Data records:
------------------------
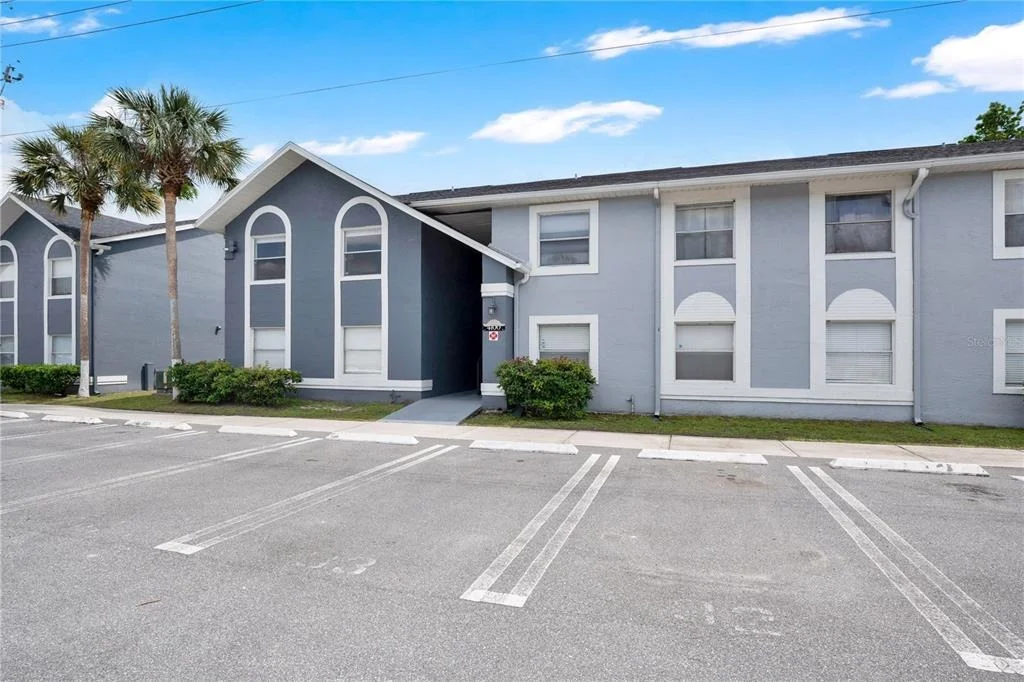 Photo of Unit 3 at 4100 PERSHING POINTE PLACE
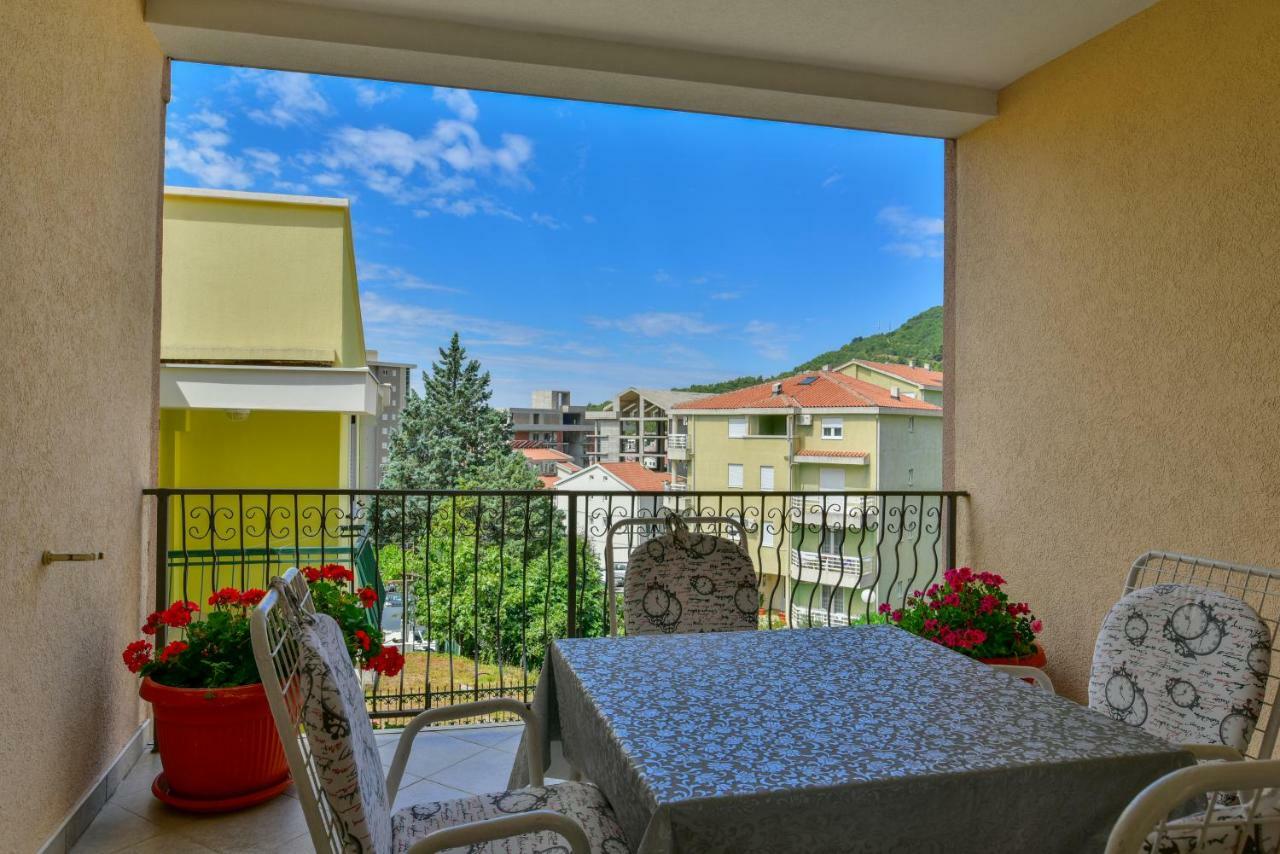 Apartments Srzentic Petrovac Εξωτερικό φωτογραφία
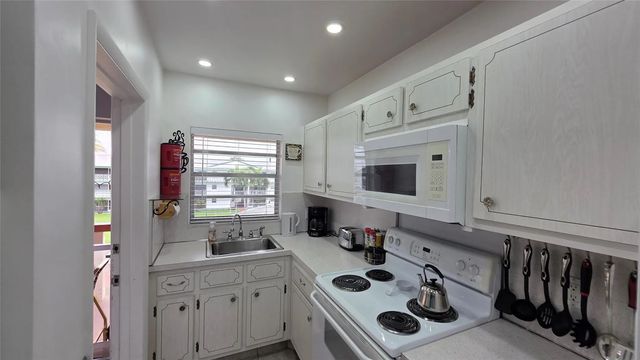4 of 23 - 5300 Washington Street #l338, Hollywood, FL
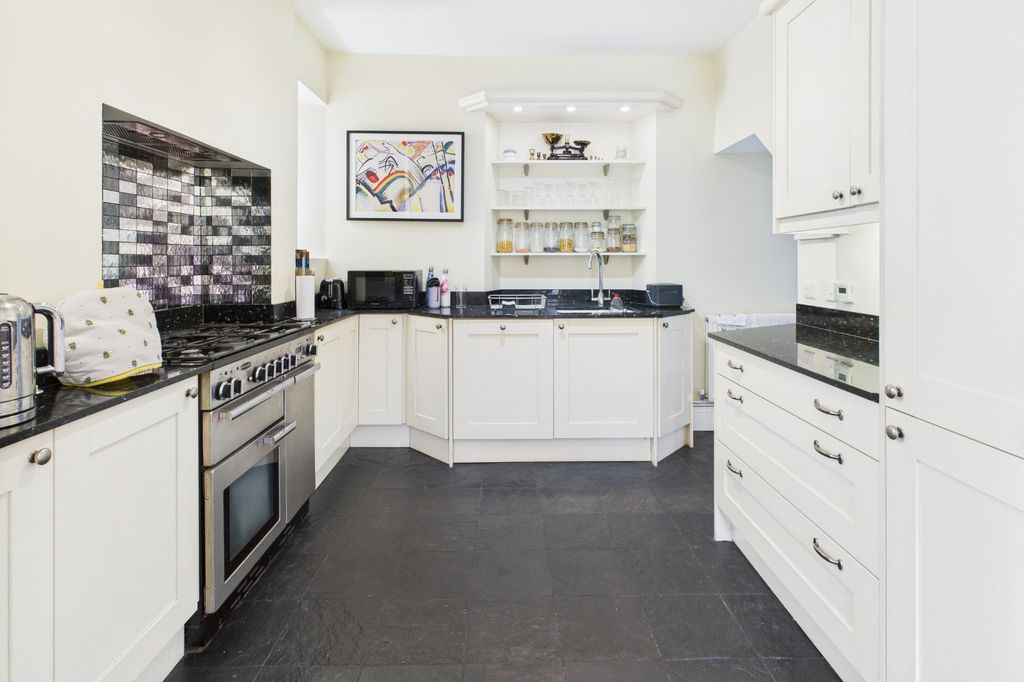 Property photo 2 of 13 Kitchen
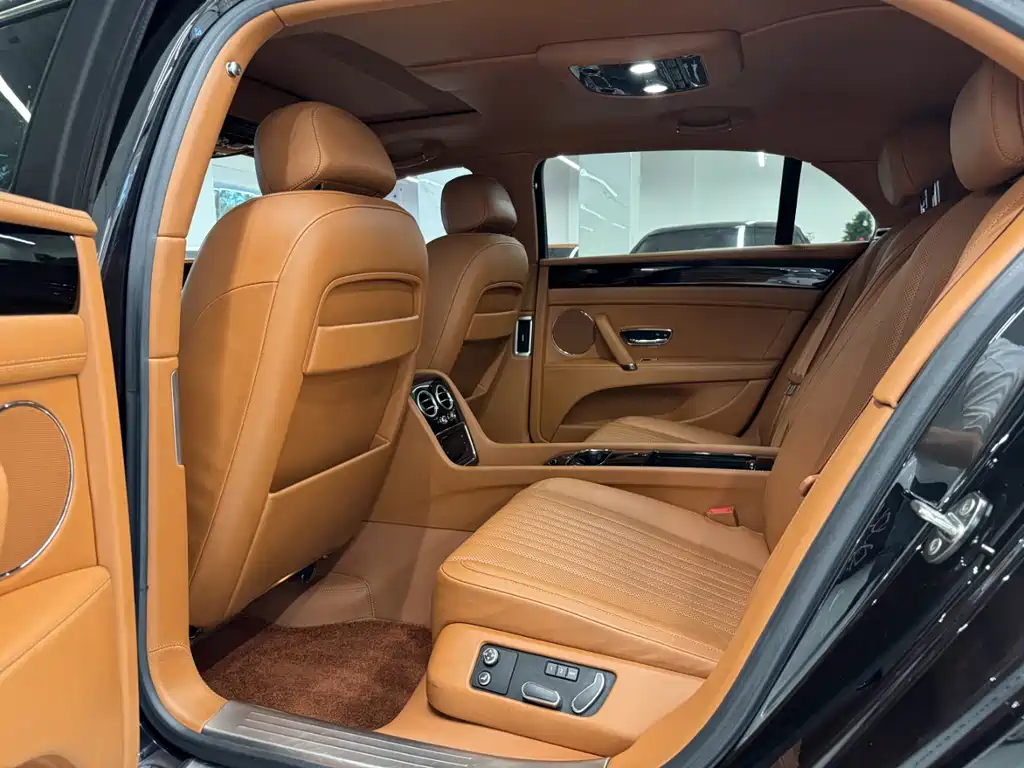 Flying Spur 4.0 T V8 S Standard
------------------------
From the line containing "4 of 23 - 5300" to the end of the listing, restate each line word for word and nothing more; the pictures stay out.

Result for this task:
4 of 23 - 5300 Washington Street #l338, Hollywood, FL
 Property photo 2 of 13 Kitchen
 Flying Spur 4.0 T V8 S Standard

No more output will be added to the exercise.